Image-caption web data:
*** Block opens ***

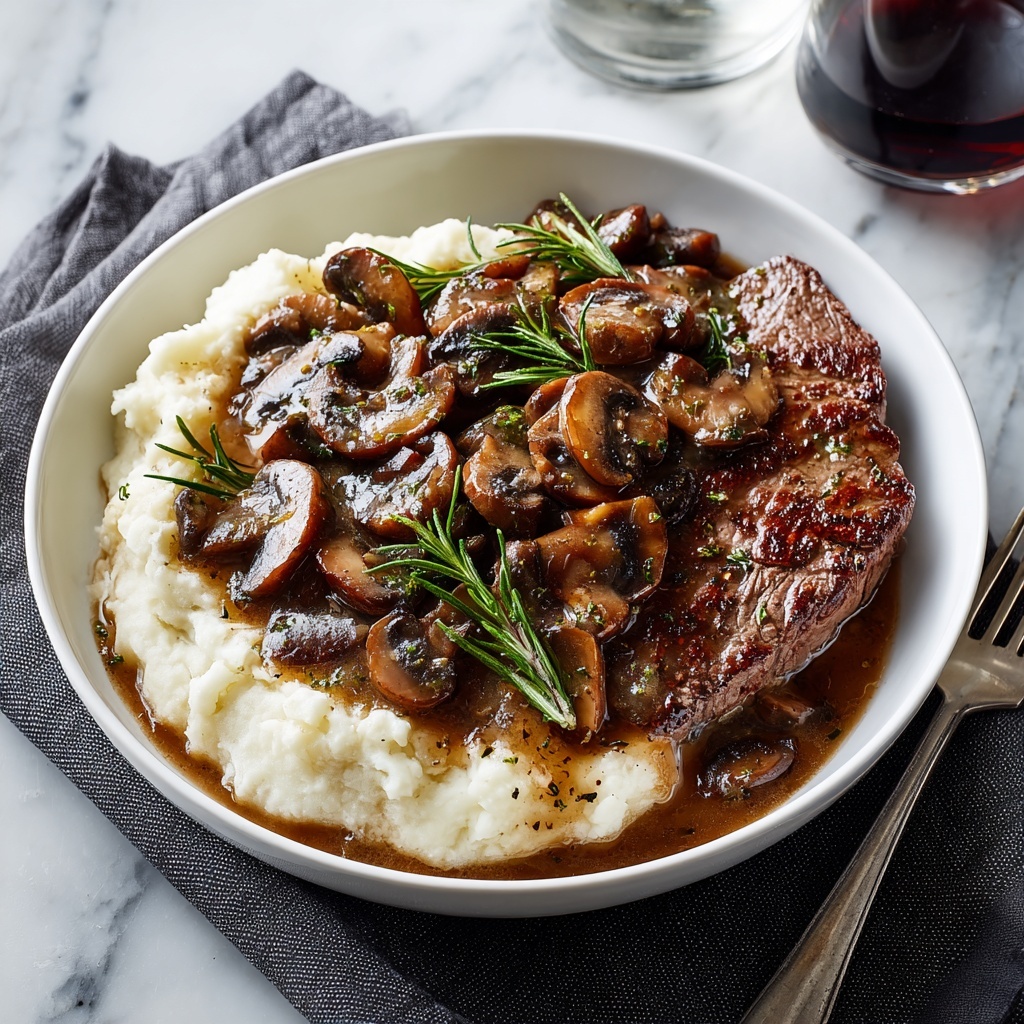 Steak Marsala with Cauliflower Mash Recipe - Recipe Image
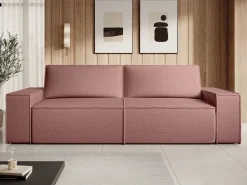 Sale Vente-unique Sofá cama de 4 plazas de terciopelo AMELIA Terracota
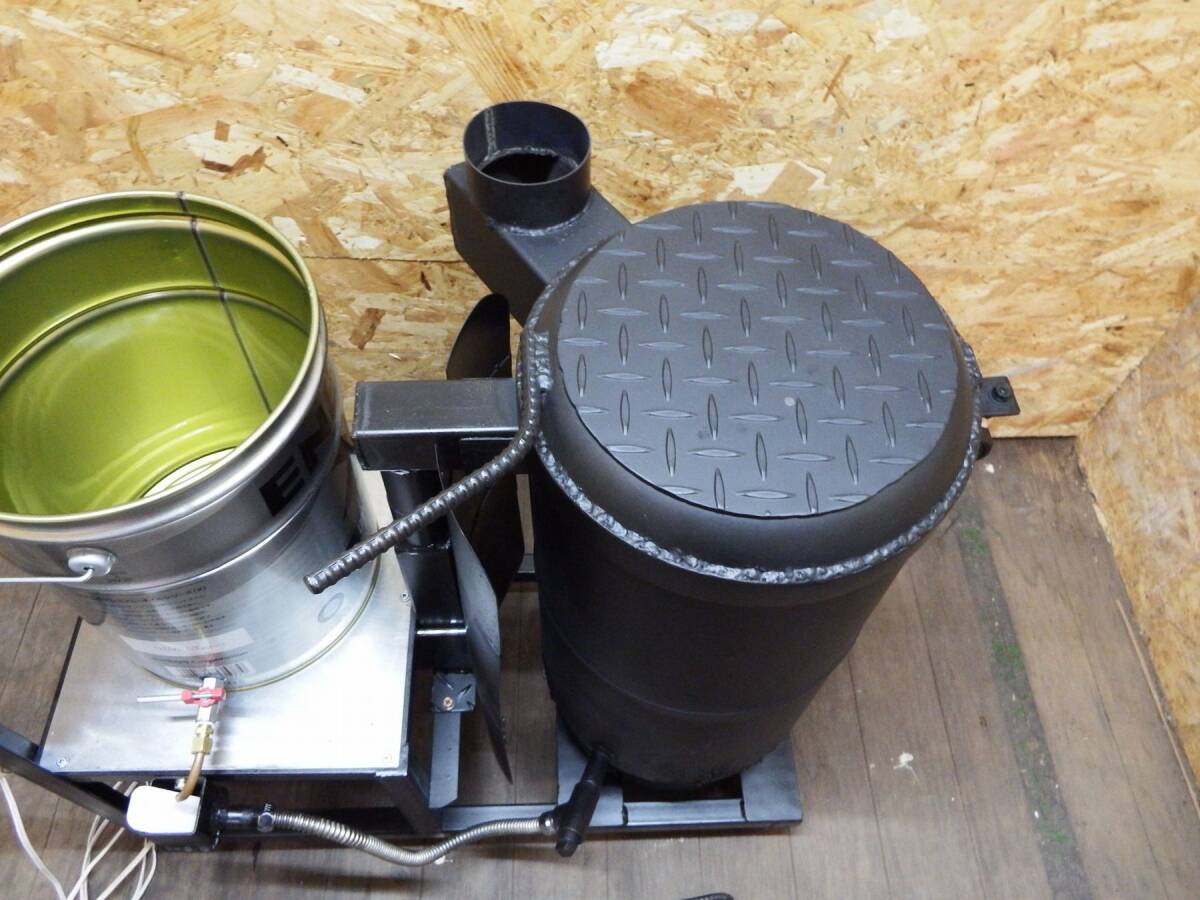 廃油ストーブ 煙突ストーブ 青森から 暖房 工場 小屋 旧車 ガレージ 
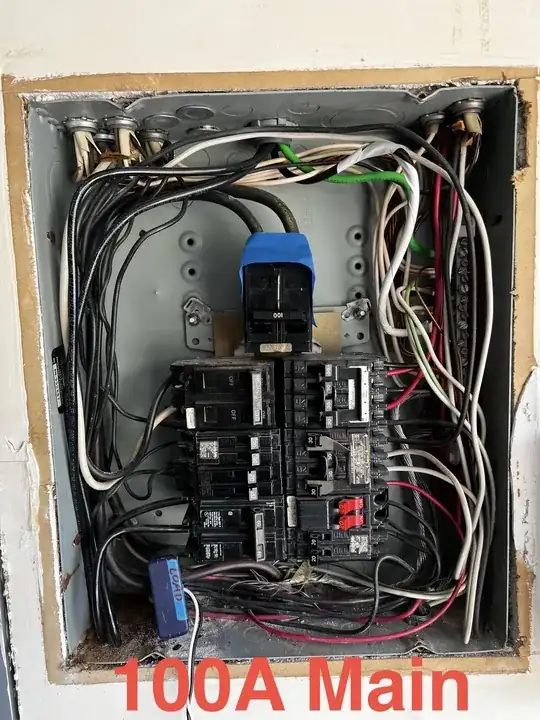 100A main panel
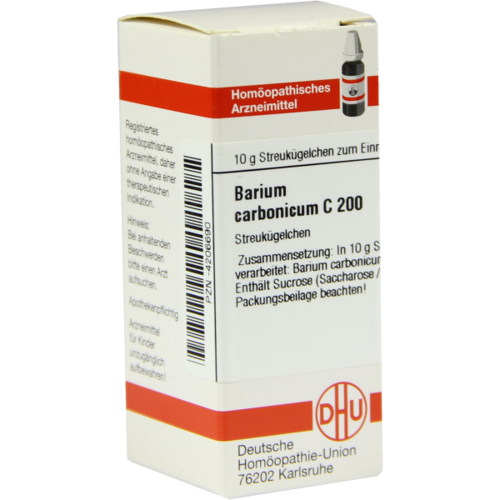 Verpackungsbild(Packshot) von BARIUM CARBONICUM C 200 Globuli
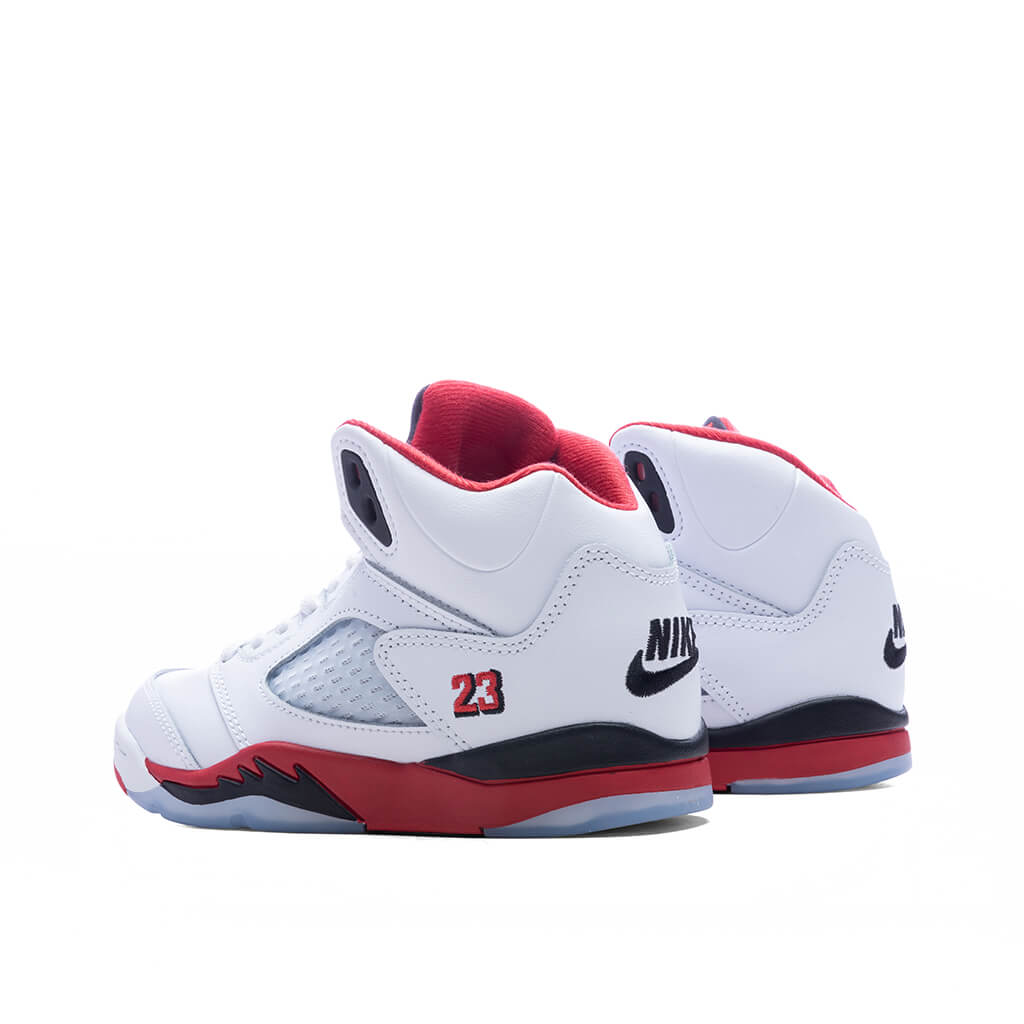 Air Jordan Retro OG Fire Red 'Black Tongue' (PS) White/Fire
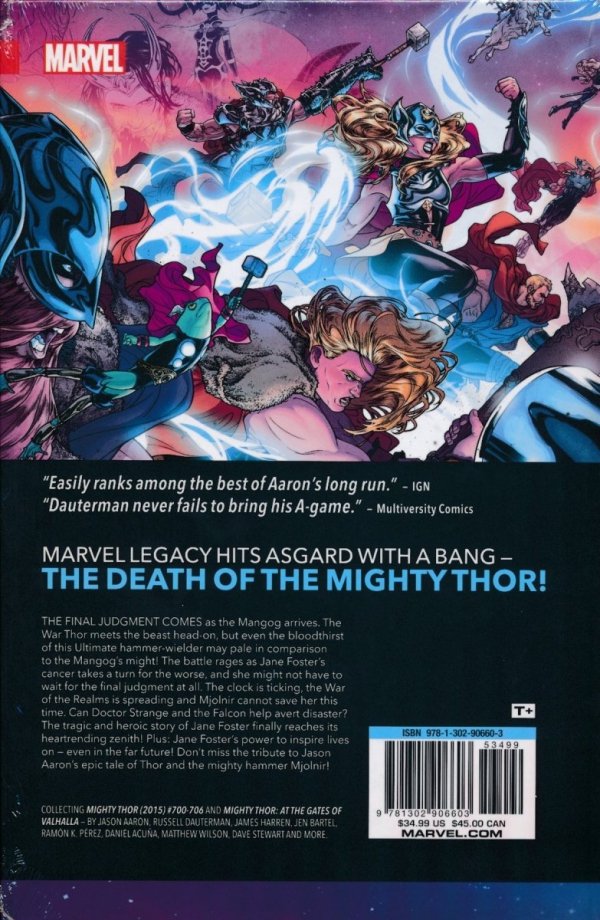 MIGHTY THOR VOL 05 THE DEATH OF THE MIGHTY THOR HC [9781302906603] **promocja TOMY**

*** Block closes ***

- [Exercise requirements]: Find the line containing "Verpackungsbild(Packshot) von BARIUM" in the records above, then copy it and every line after it exactly, through the last one, without any pictures.

- [Exercise answer]:
 Verpackungsbild(Packshot) von BARIUM CARBONICUM C 200 Globuli
 Air Jordan Retro OG Fire Red 'Black Tongue' (PS) White/Fire
 MIGHTY THOR VOL 05 THE DEATH OF THE MIGHTY THOR HC [9781302906603] **promocja TOMY**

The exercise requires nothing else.